Chapter Contents |
Previous |
Next |
The TABULATE Procedure |
Statistics Available in PROC TABULATE |
Descriptive statistic keywords | |
COLPCTN | PCTSUM |
COLPCTSUM | RANGE |
CSS | REPPCTN |
CV | REPPCTSUM |
MAX | ROWPCTN |
MEAN | ROWPCTSUM |
MIN | STDDEV|STD |
N | STDERR |
NMISS | SUM |
PAGEPCTN | SUMWGT |
PAGEPCTSUM | USS |
PCTN | VAR |
Quantile statistic keywords | |
MEDIAN|P50 | Q3|P75 |
P1 | P90 |
P5 | P95 |
P10 | P99 |
Q1|P25 | QRANGE |
Hypothesis testing keyword | |
PROBT | T |
Explanations of the keywords, the formulas that are used to calculate them, and the data requirements are discussed in Keywords and Formulas .
Formatting Class Variables |
User-defined formats are particularly useful for grouping values into fewer categories. For example, if you have a class variable, Age, with values ranging from 1 to 99, you could create a user-defined format that groups the ages so that your tables contain a manageable number of categories. The following PROC FORMAT step creates a format that condenses all possible values of age into six groups of values.
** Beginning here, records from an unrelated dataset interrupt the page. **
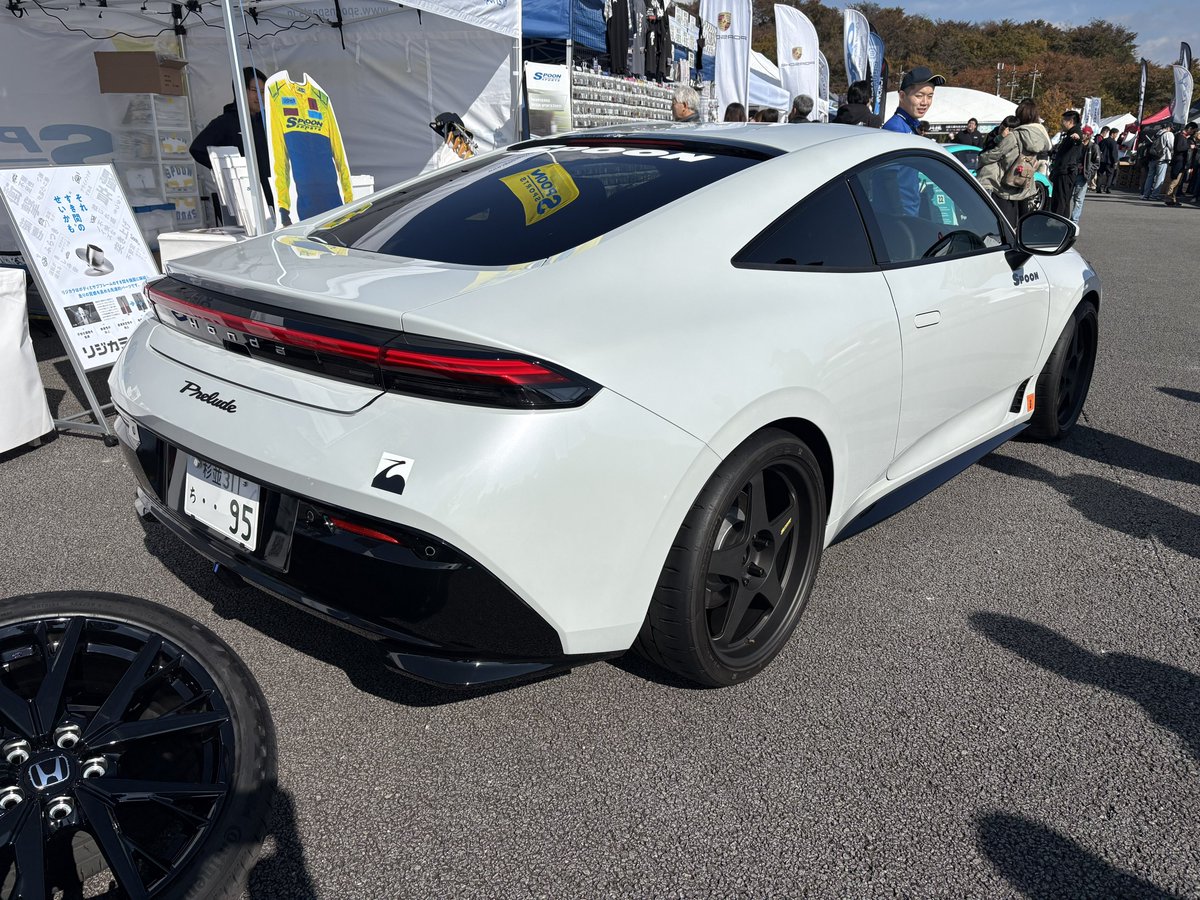 スマイリー⳽੫𐊋ᧉ😴 (@sukekon7) / Posts / X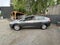 2010 Honda Insight EX
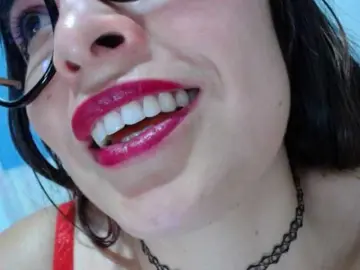 Bongacams Best Webcam of alexandra-94
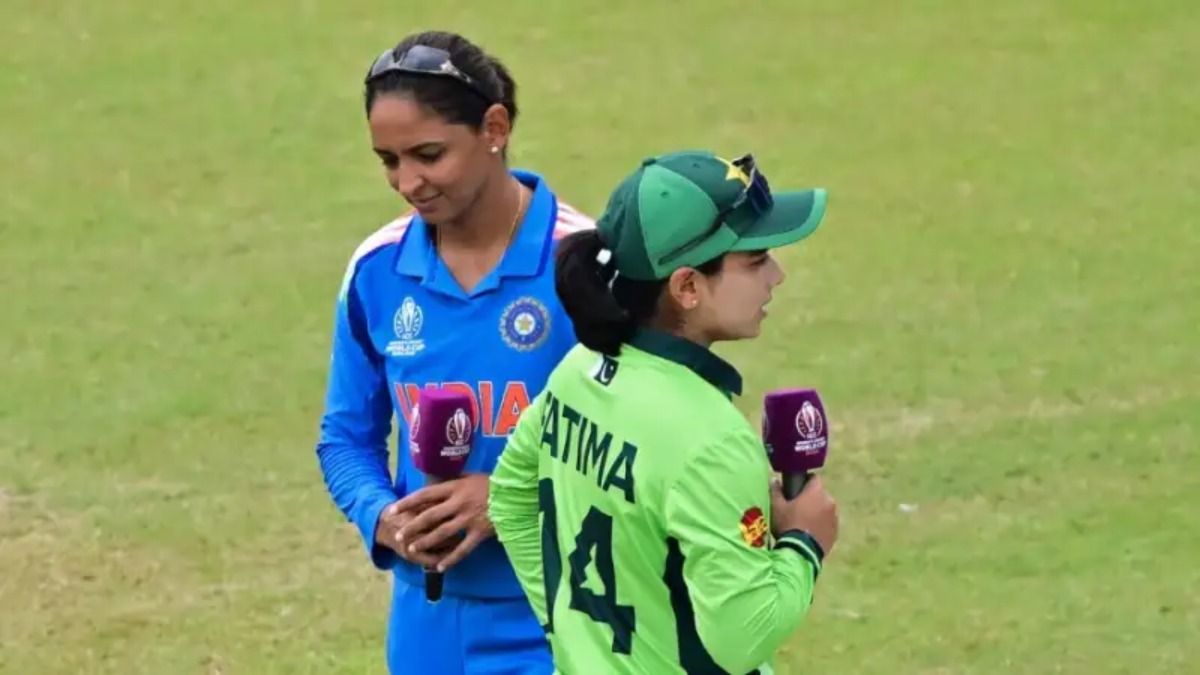 SportsTak Hindi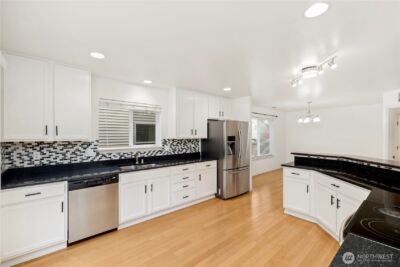 22506 129th Place SE, Kent, WA 98031 - Photo 9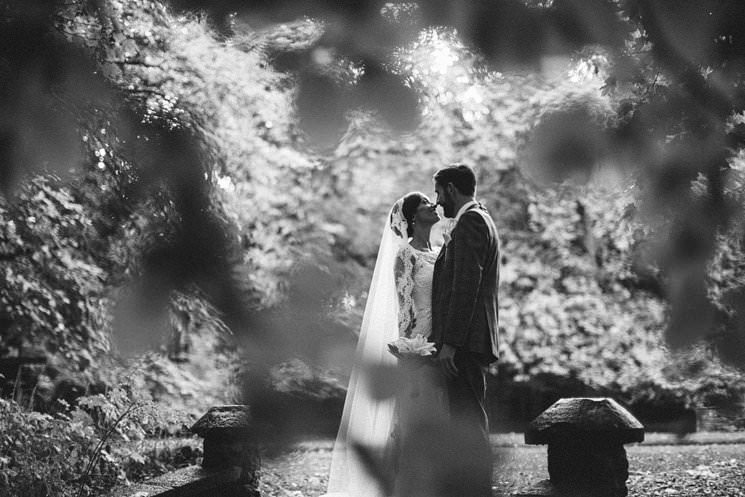 Galway wedding photographer - Ennis wedding - IRELAND irish fine art weddings  0016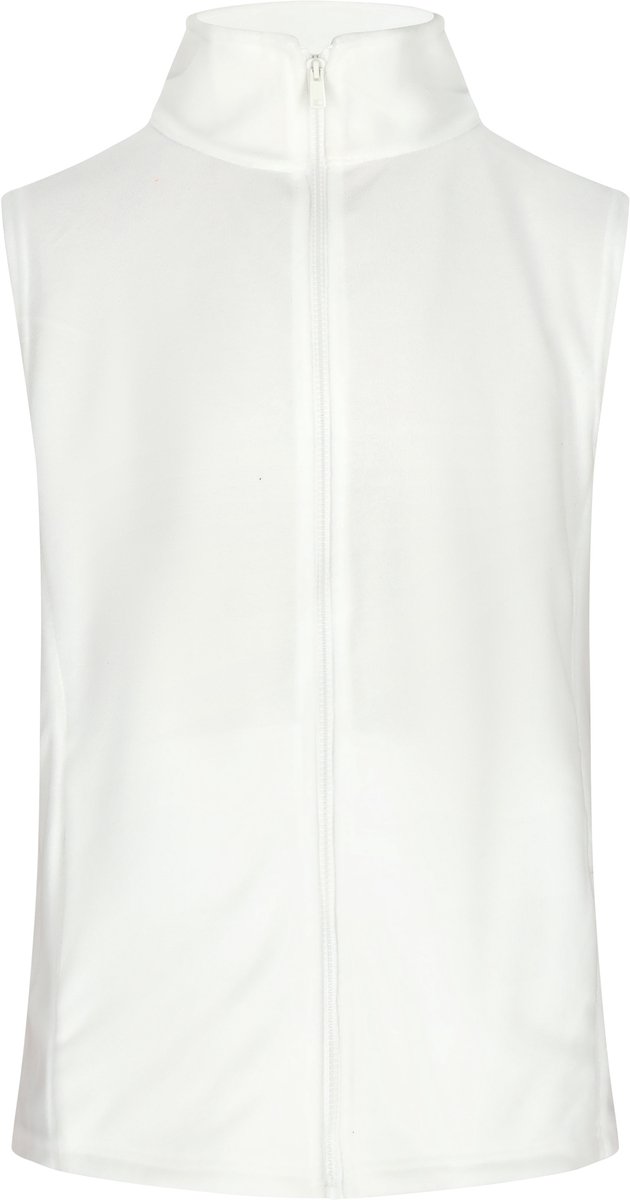 DreiMaster Vest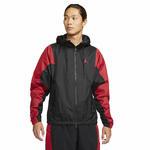 Куртка Jordan Essentials | DA9832-010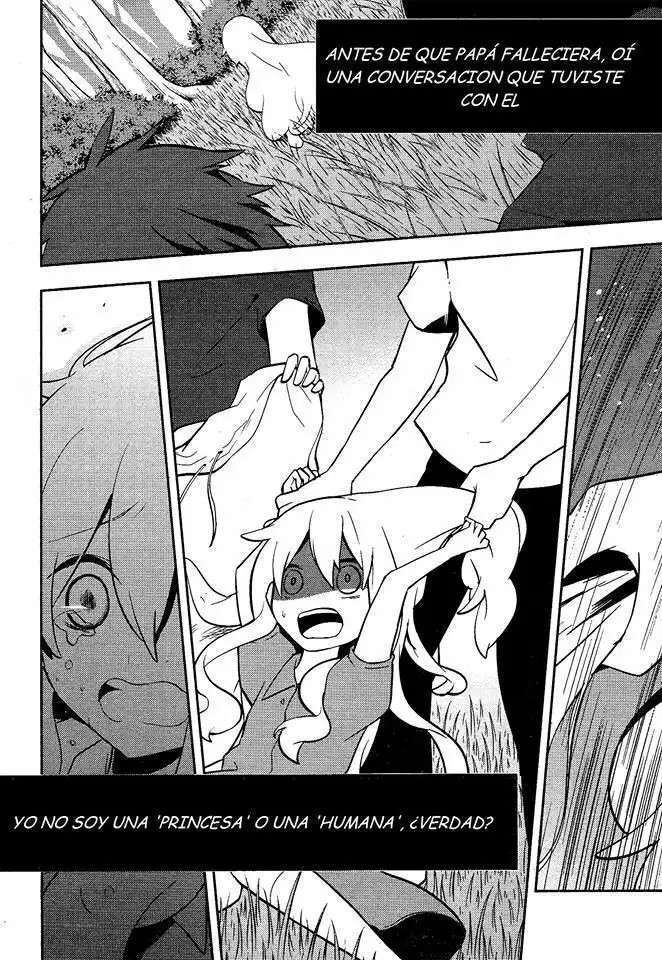 Capitulo 27 page 14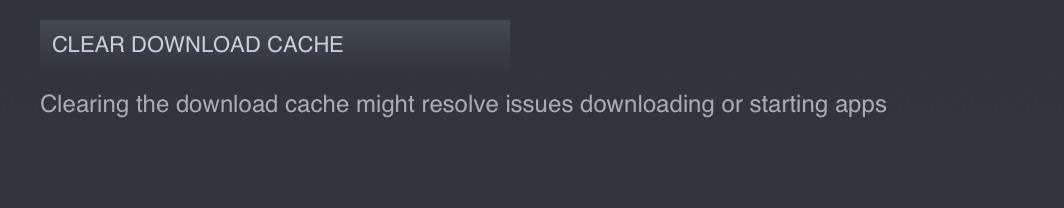 steam download starting and stopping steam download starting and stopping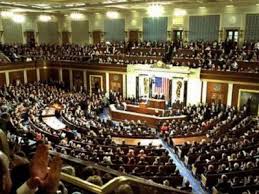 आतंकवाद का  प्रायोजक पाक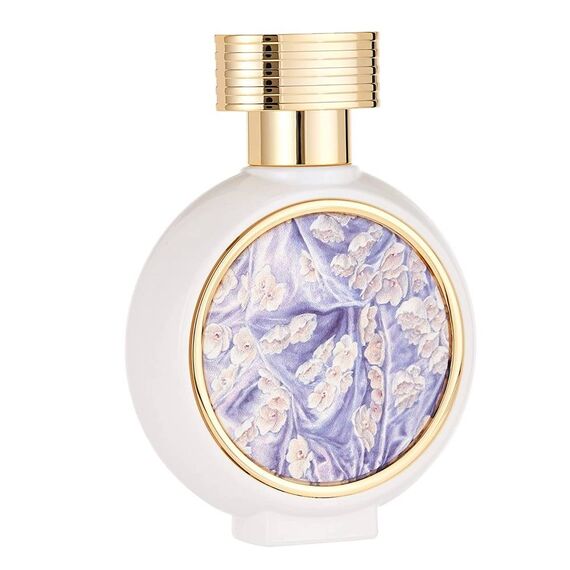 HFC Chic Blossom For Women Eau De Parfum 75ml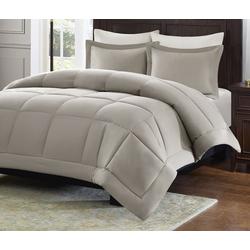 Sarasota Comforter Set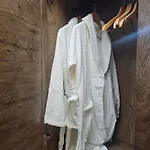 Desitas Appartement *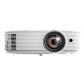 x309st-videoproyector-proyector-de-corto-alcance-3700-lumenes-ansi-dlp-xga-1024x768-3d-blanco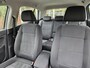 Volkswagen Golf Plus 1.2 TSI Comfortline BlueMotion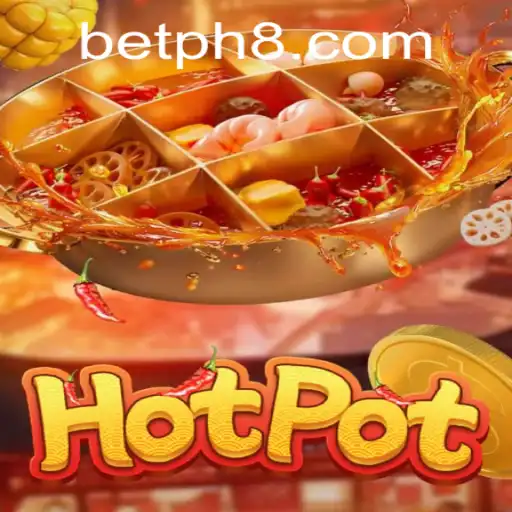 Unveiling Hotpot: The Game Redefining Strategy with a Twist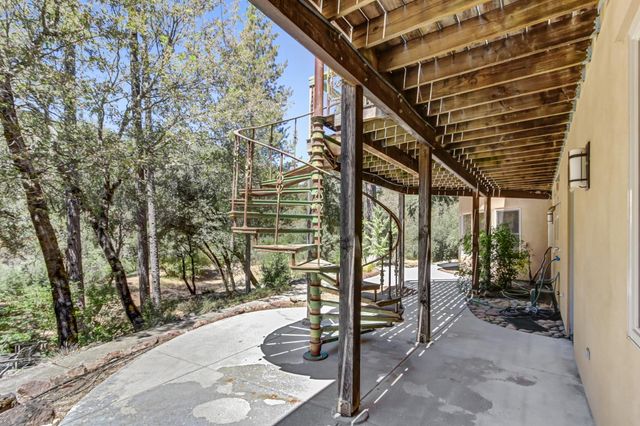 1451 Dog Bar Rd, Colfax, CA 95713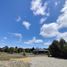  Terreno (Parcela) en venta en Llanquihue, Los Lagos, Puerto Montt, Llanquihue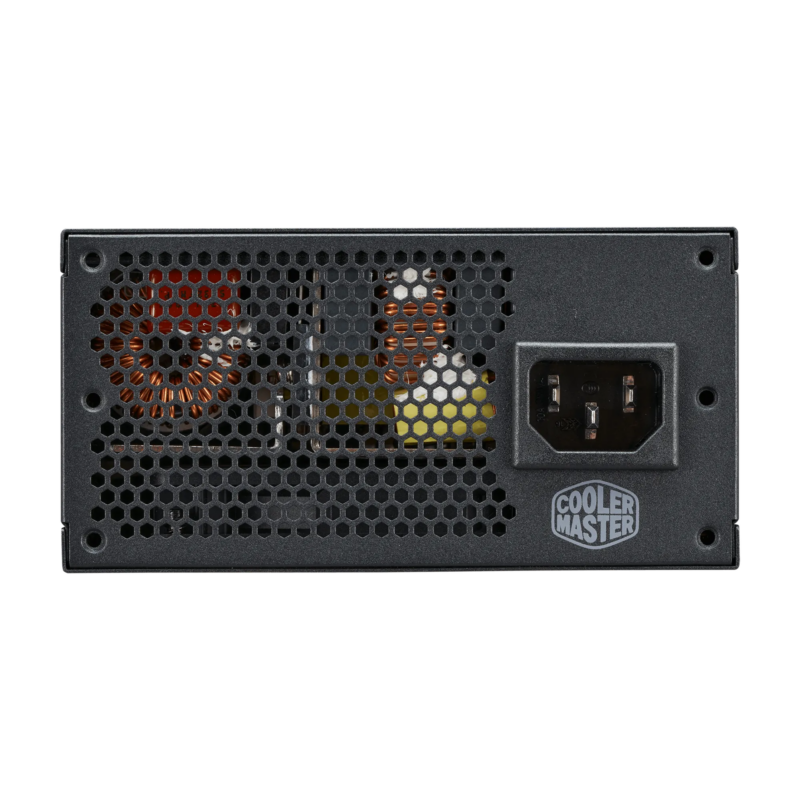 Cooler Master V SFX Platinum 1100W | Industry-leading SFX power supply (MPZ-B001-SFAP-BEU)_5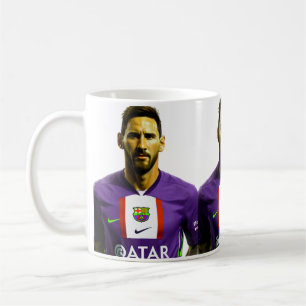 De Café Taza Regala una taza hecha a medida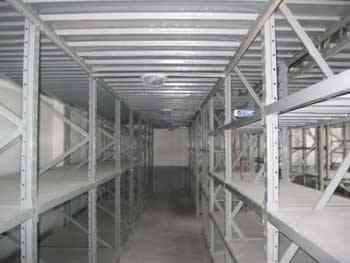 ��¥����_��¥�ͻ���_���ϸ�¥���ܹ�Ӧ��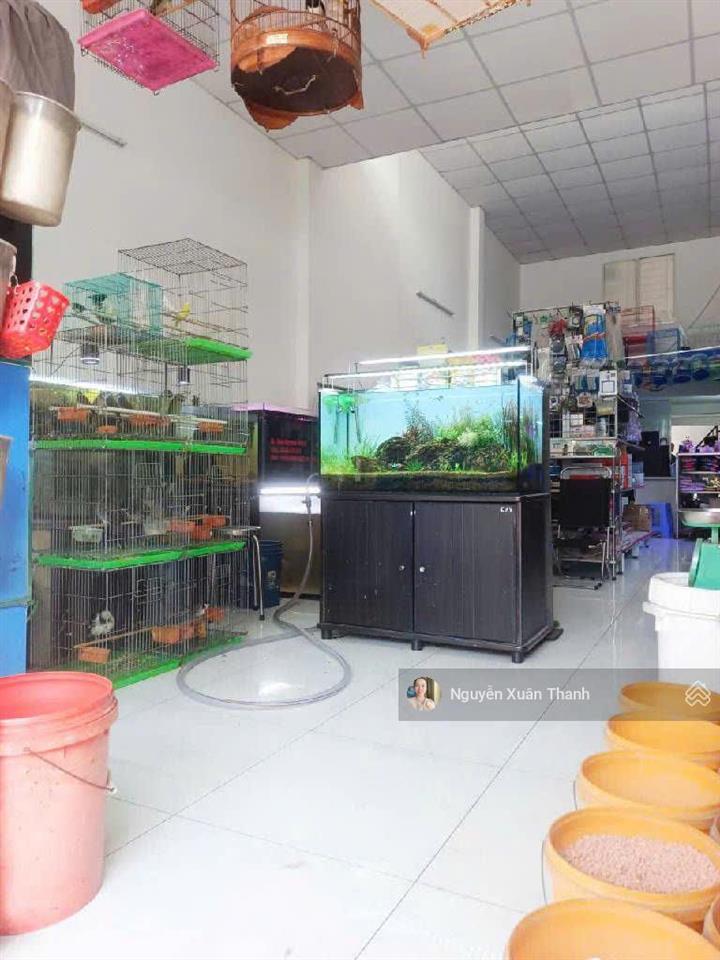 Mặt bằng kinh doanh tốtngay chợ q9100m22pn2wcchỉ 10,4tỷgấp bánthương lượng tốt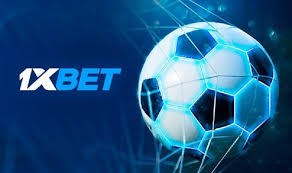 1xBet Cambodia Betting Your Ultimate Guide to Online Betting 2122638237
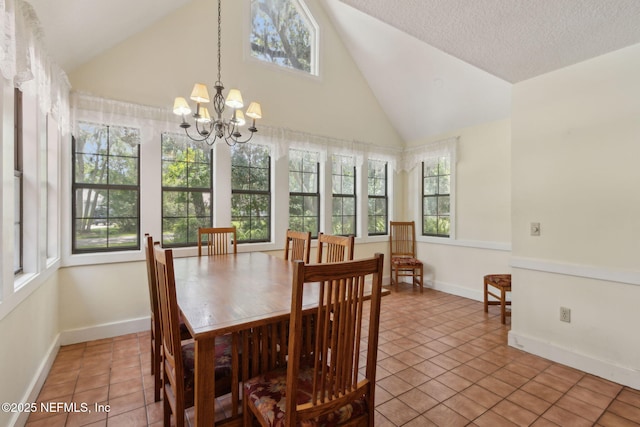 2041 Oak Marsh Dr, Fernandina Beach, FL 32034 - photo 24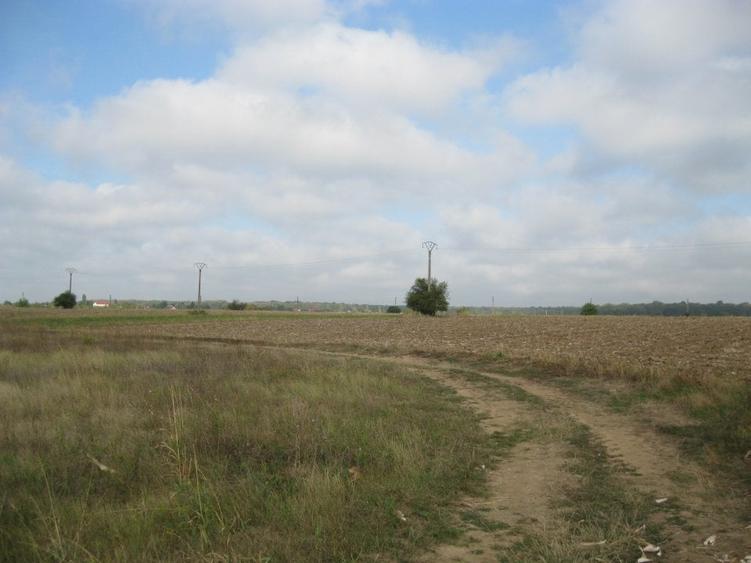 Proprietar,VandTeren10100mpDes43Utilitati150m*INVESTITIE PROIECT CASE*INTRAVILAN - 9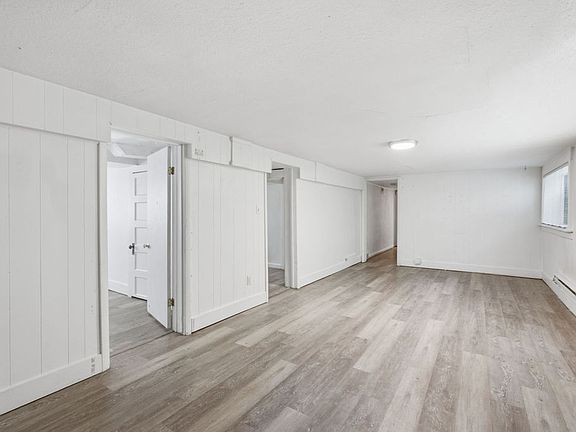 4th image of 419 Edwards St APT C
proc format; value agefmt 0-29='Under 30' 30-39='30-39' 40-49='40-49' 50-59='50-59' 60-69='60-69' other='70 or over'; run;
For information on creating user-defined formats, see The FORMAT Procedure .
By default, PROC TABULATE includes in a table only those formats for which the frequency count is not zero and for which values are not missing. To include missing values for all class variables in the output, use the MISSING option in the PROC TABULATE statement, and to include missing values for selected class variables, use the MISSING option in a CLASS statement. To include formats for which the frequency count is zero, use the PRELOADFMT option in a CLASS statement and the PRINTMISS option in the TABLE statement, or use the CLASSDATA= option in the PROC TABULATE statement.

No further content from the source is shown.